** Opening MATERIAL SUPPLIED block **
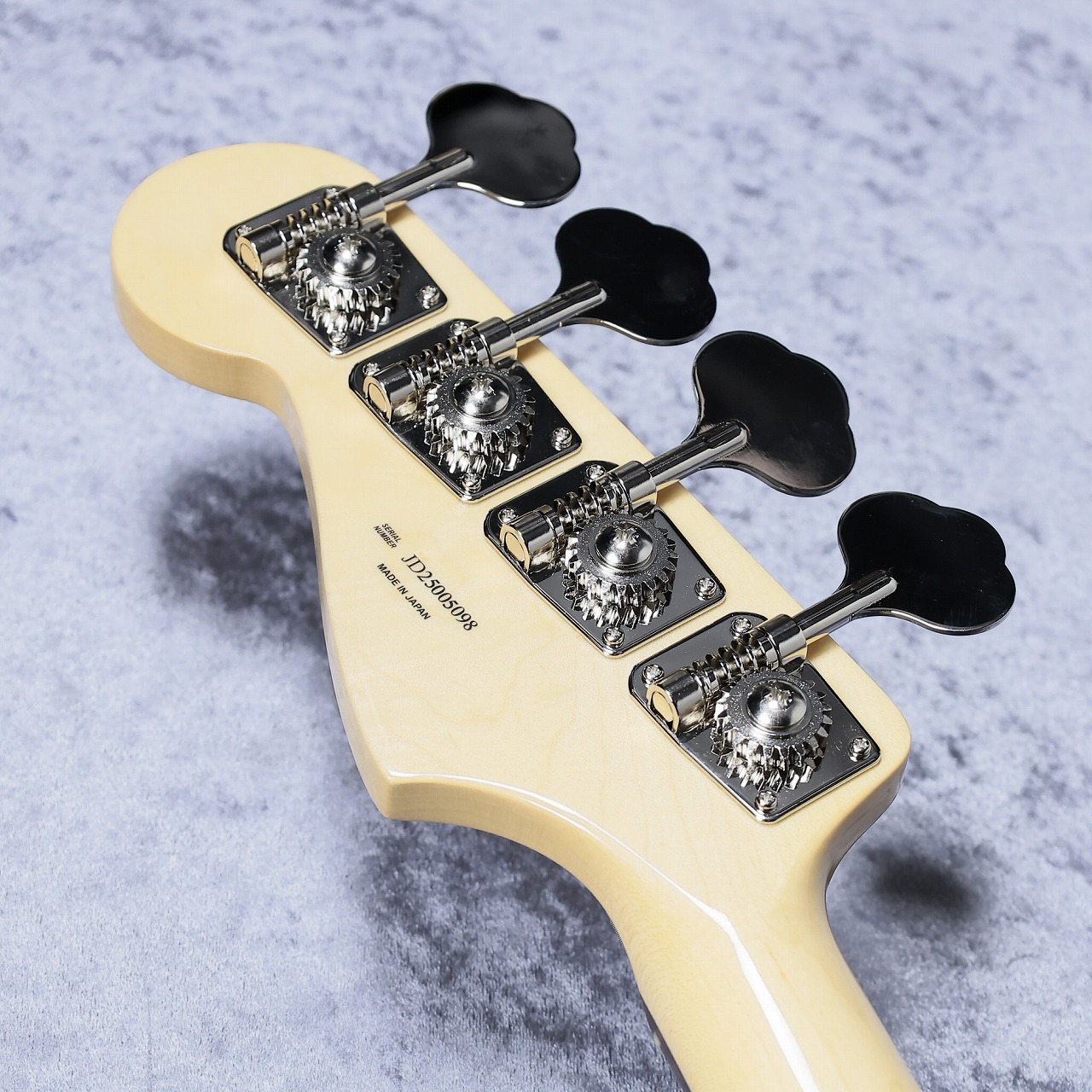 エレクトリックベース Crews Maniac Sound JB-Modern 5 Passive 2025X | Olympic White（新品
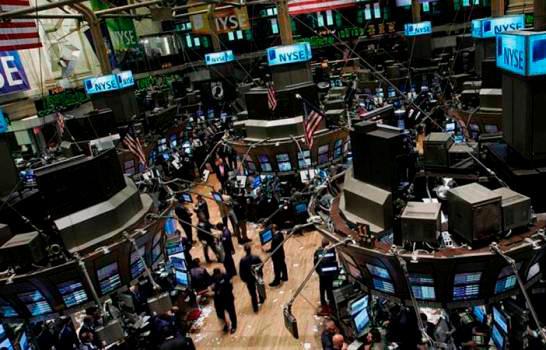 Dow Jones supera la cota de 30,000 puntos por primera vez en Wall Street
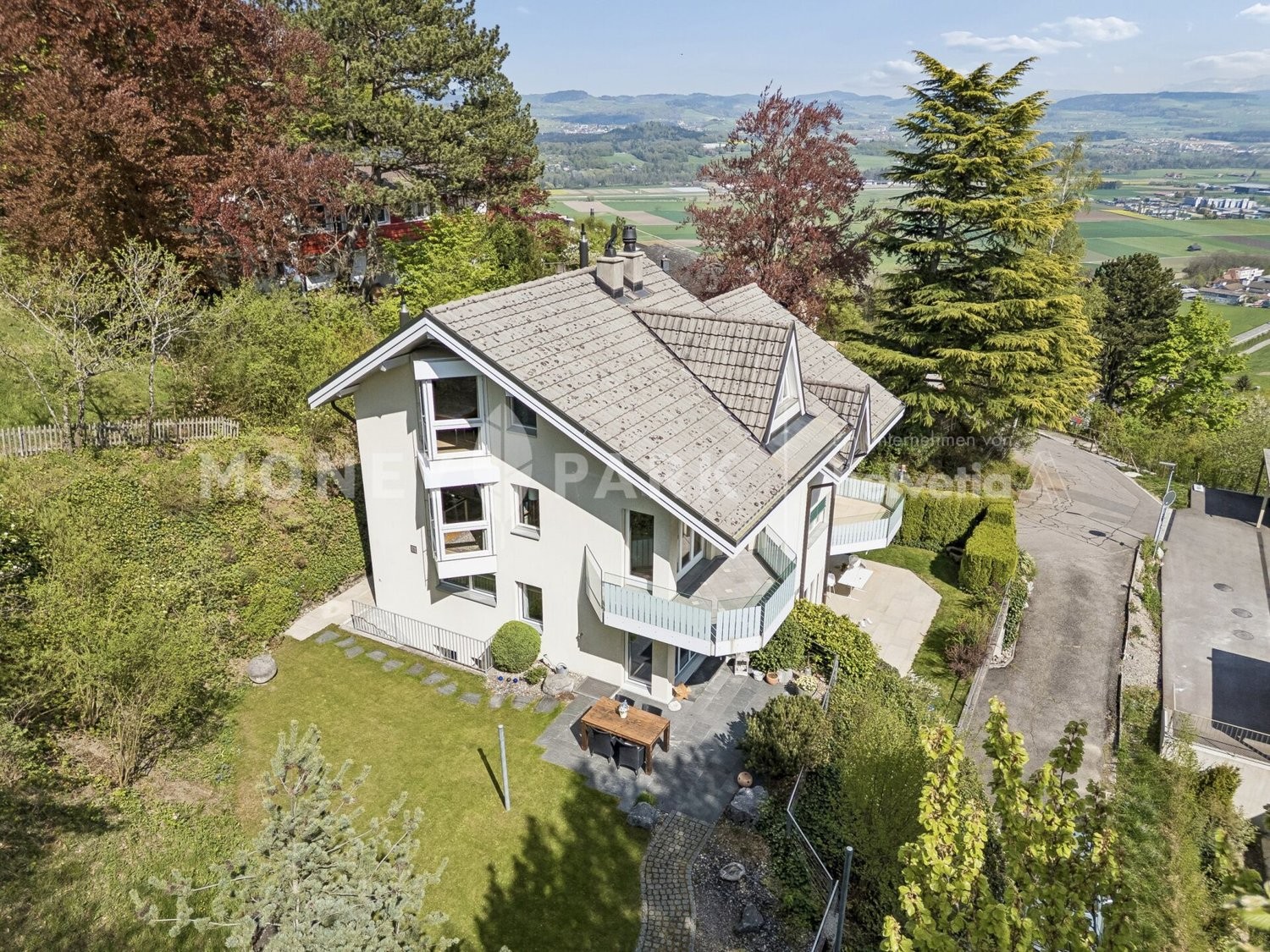 Maison individuelle de 7 ½ pièces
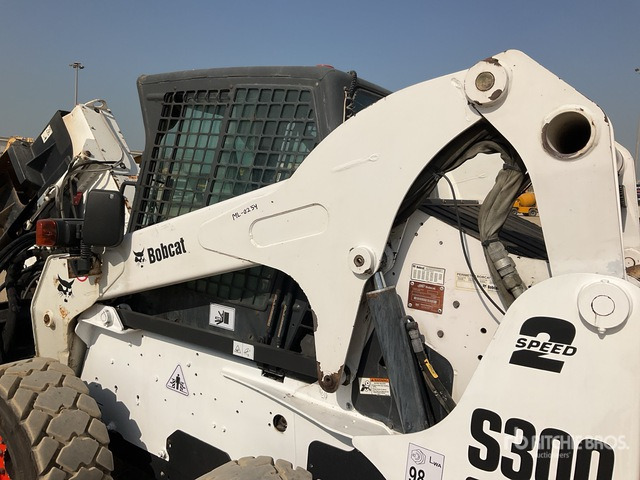 2013 Bobcat S300 Skid Steer Loader - Skid steer loader: picture 4 2013 Bobcat S300 Skid Steer Loader - Skid steer loader: picture 4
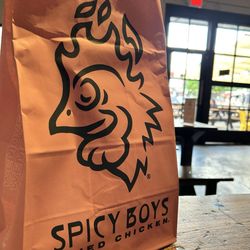 Spicy Boys Fried Chicken - East 6th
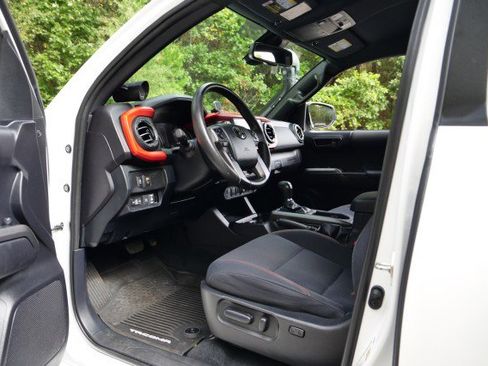 Used 2020 Toyota Tacoma TRD Sport image 26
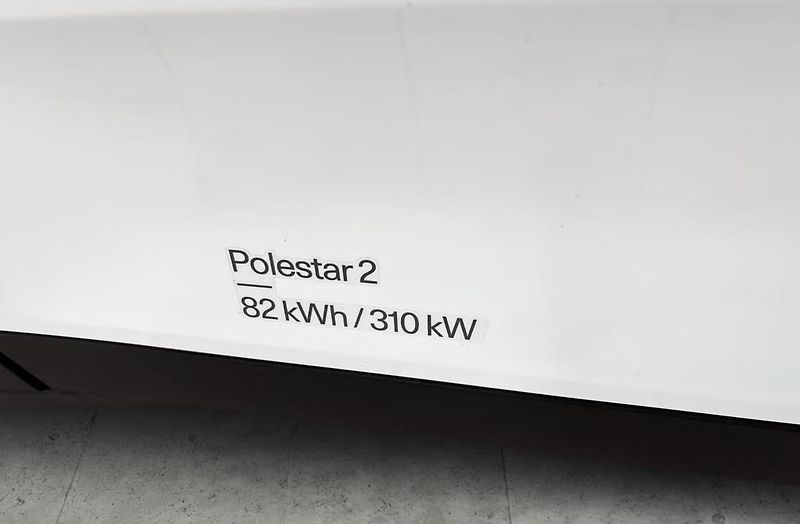 Polestar 2 LR AWD Pilot 360k BLIS Matrix - fotka 20 z 32
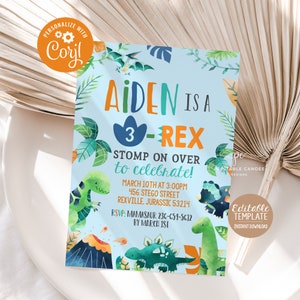 K&ouml;nnte beinhalten: Eine blaue und gr&uuml;ne Dinosaurier-Geburtstagseinladung mit dem Text "Aiden is a 3-Rex" und "Stomp on over to celebrate!" Die Einladung enth&auml;lt eine Dinosaurier-Illustration und einen Vulkan. Der Text enth&auml;lt auch das Datum, die Uhrzeit und den Ort der Party sowie eine RSVP-Nummer und eine Frist.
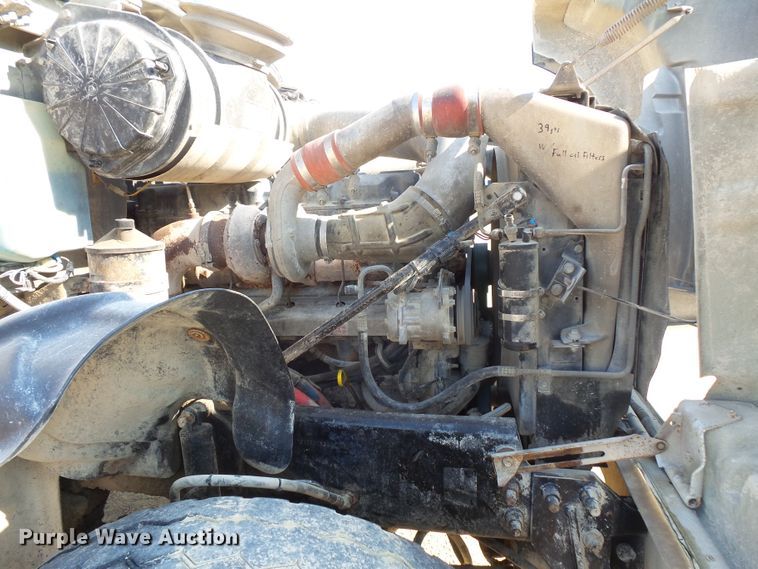 image for item FM9678 2003 Mack CV ready mix truck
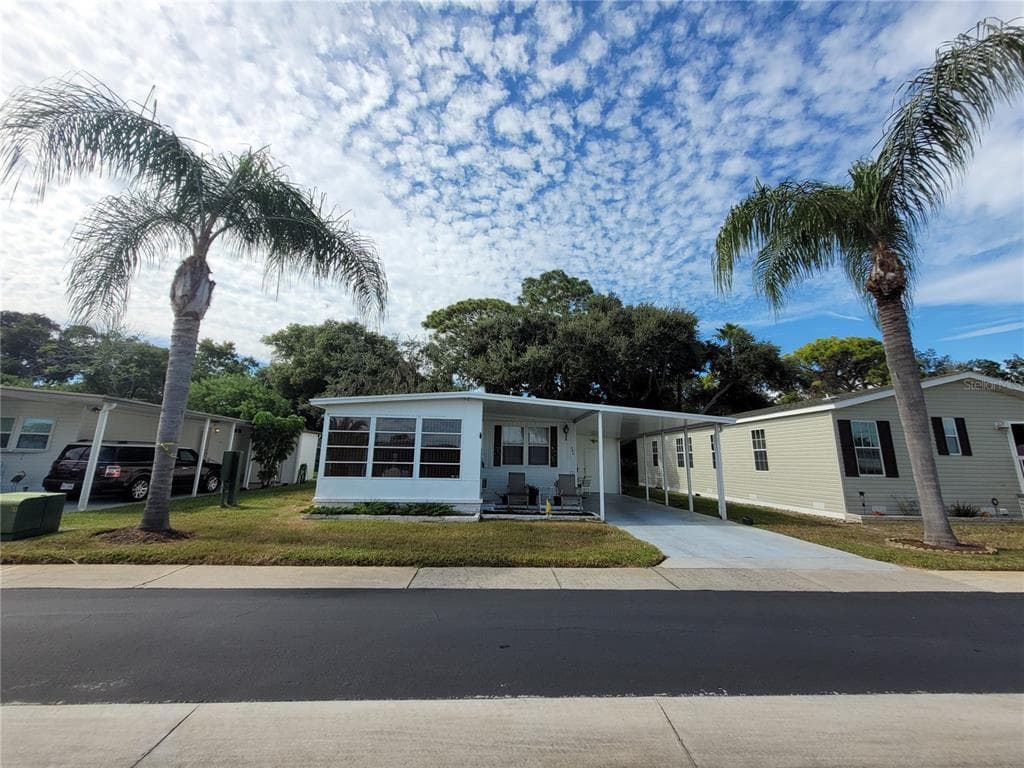 242 HARMONY WAY TARPON SPRINGS, FL 34689
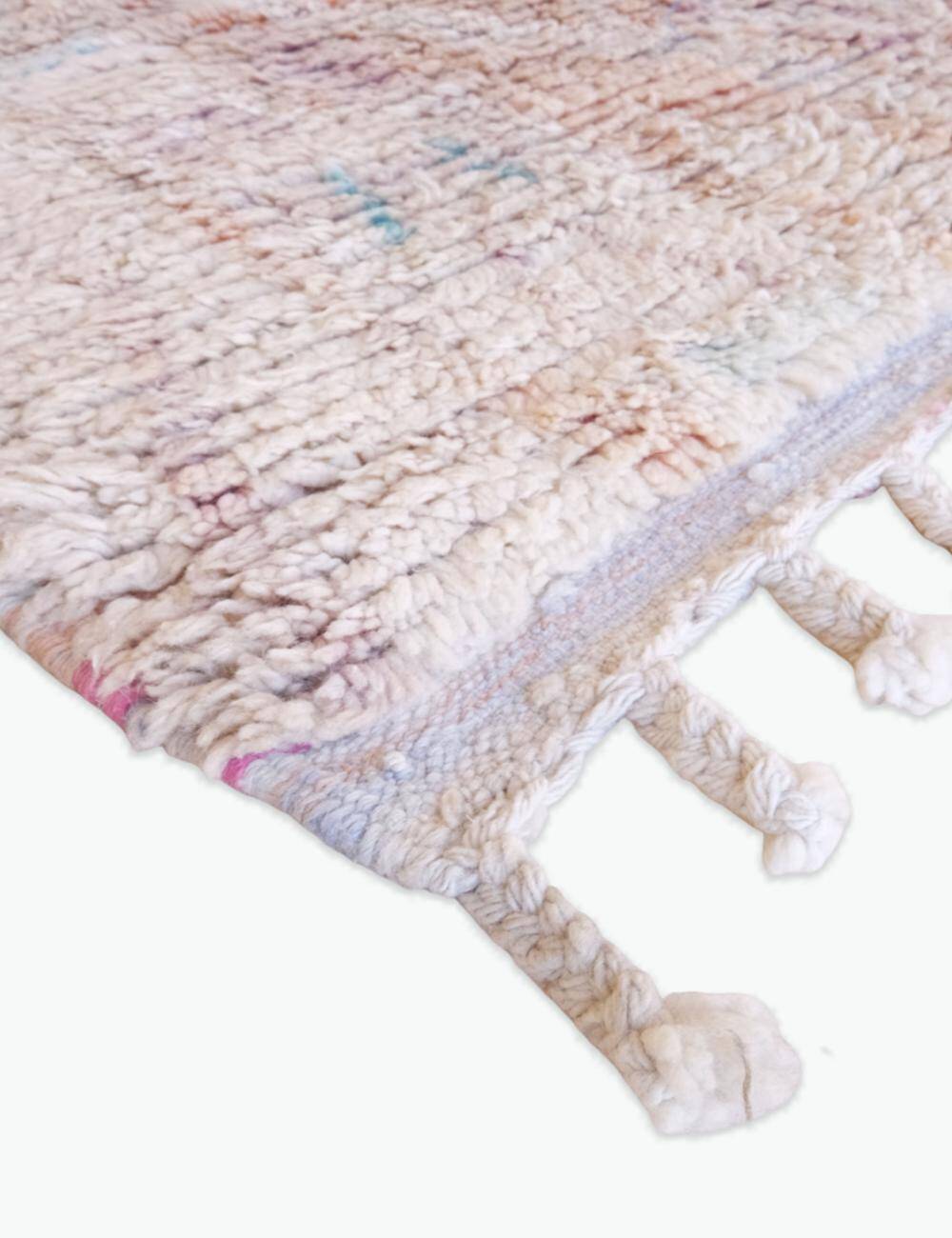 Tapis berbère pastel
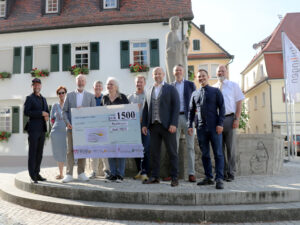 v.l.n.r.: Kurator Volker Feyerabend der TOP Sozial Charta, vom Verein Alice Rabe und Thomas Reumann, Physiotherapeut Gerardus van Rossenberg, Ergotherapeutin Angelika Weckmann, Christian Röhrs ProNatur, Slobodan Starcevic und Paul Sendler der Landgraf Immobilien, Top Sozial Charta Daniel Eppler und Holger Ehnes APROS Consulting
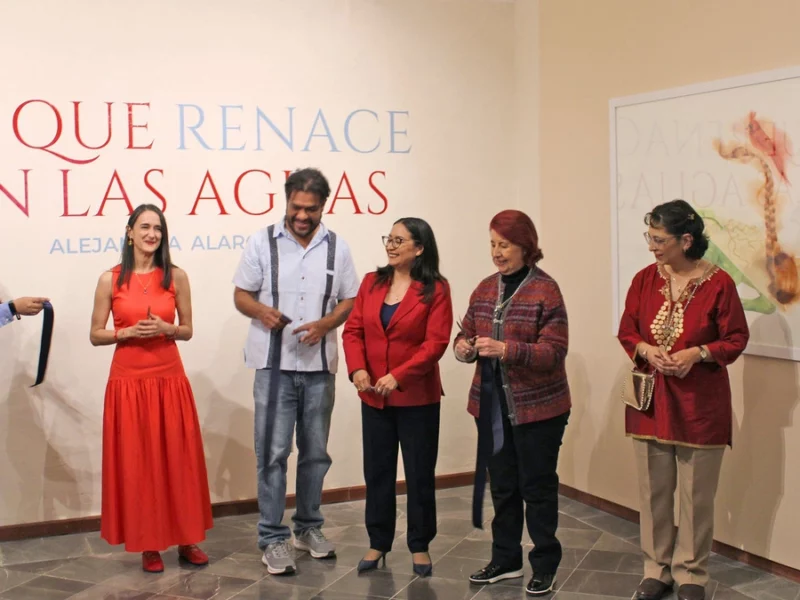 El Carolino alberga la exposición “La que renace en las aguas” de Alejandra Alarcón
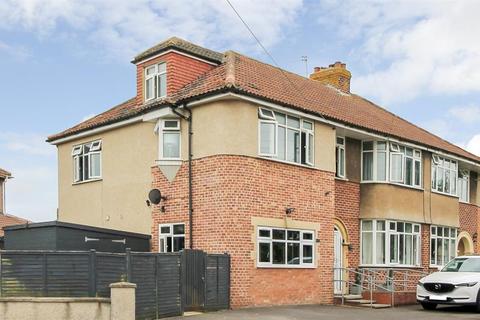 21 Derham Park, Yatton, Bristol, BS49 4DZ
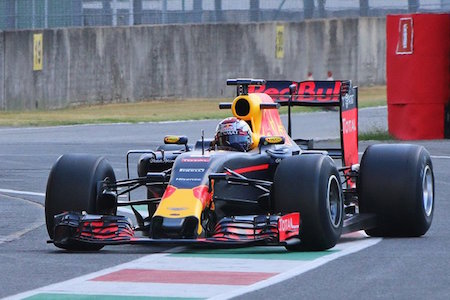 【2017幅広タイヤ】レッドブル、ムジェロでドライタイヤの開発テスト開始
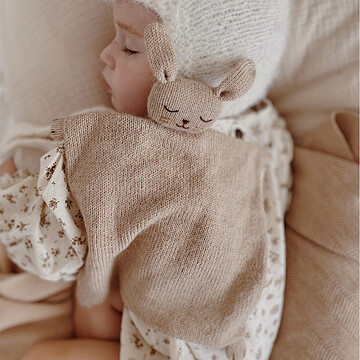 Doudou Plat Tricoté Lapin - Sable (Main Sauvage) - Image 3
** Closing MATERIAL SUPPLIED block **
No pictures belong in the output. Restate word for word only the lines from the one containing "El Carolino alberga" to the end of the entries above.

 El Carolino alberga la exposición “La que renace en las aguas” de Alejandra Alarcón
 21 Derham Park, Yatton, Bristol, BS49 4DZ
 【2017幅広タイヤ】レッドブル、ムジェロでドライタイヤの開発テスト開始
 Doudou Plat Tricoté Lapin - Sable (Main Sauvage) - Image 3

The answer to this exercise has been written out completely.